Figure 8. The figure shows the movement of the Arabian plate toward the Eurasian plate, which created a convergent boundary. The arrows on the figure indicate the direction the respective plates are moving in relation to adjoining plates (after van Eck & Hofstetter 1990).
The Southern part of Saudi Arabia
Although not nearly as remarkable as Saudi Arabia's Western region, seismic activity in the South of the country continues to be strong. More than 300 earthquakes are thought to have occurred in the Southern region between 1900 and 2006, with magnitudes ranging between 3 and 6.6 on the Richter Scale. An earthquake that originated in the Southern Arabian plate and was subsequently felt by Jizan citizens hit Yemen in 1941. Another two earthquakes occurred to the east of Jizan City in 1993 and 1995 with a magnitude of 4.5 and 4.7 respectively. The area around Al Birk Volcano aside, the south of Saudi Arabia doesn't experience many land-based earthquakes. The Southern part of the Red Sea, on the other hand, is considered seismically active due to the separating of the Arabian and African plates (Al-Shanti, 1988). Just as recently as 2014, a micro earthquake (3.0 < M ≤ 5.1) occurred in the Southern region of Saudi Arabia. The epicenter was located some 50 km away from Jizan city at a source about 10 km in depth (Zahran, 2014). According to the Saudi Geological Survey (SGS), the earthquake occurred because the area in question rested on a Quaternary active NW fault trend, as shown in Figure 9. It has also been recently discovered that the Southwestern corner of the Arabian Shield has a volcanic trend near Jizan city, which is responsible for most of the micro earthquakes in the area (SGS, 2014). These tectonic developments mean seismologists are bracing for more earthquake sequences in the South - perhaps even a large one with a magnitude greater than 6.

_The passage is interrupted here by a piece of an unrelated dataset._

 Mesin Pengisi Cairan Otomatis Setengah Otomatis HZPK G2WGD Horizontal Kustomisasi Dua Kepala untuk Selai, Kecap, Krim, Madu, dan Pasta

Figure 9. The sketch shows the fault trends in the Arabian plate. The red circle represent the NW fault, which caused the 2014 earthquake swarms near Jizan city. The sketch map modified from Al-Husseini (2000), Ziegler (2001) and Pollastro (2003).
Conclusion
For the greater part of Saudi Arabia, the risks and dangers associated with seismic tremors remains relativelylow. The primary danger zones remain those close to the Gulf of Aqaba and Jizan, with the West and Center of the country being least vulnerable. The seismicity in the West related to volcanic activities, including the Lunyyir and Rahat volcanos and Birk Harrat, remain areas of particular concern. Moreover, researchers continue to expect more seismic hazards in the Kingdom's Northern and Eastern regions due to the shifting of the Dead Sea fault and the continued Northeastern march of the Arabian plate.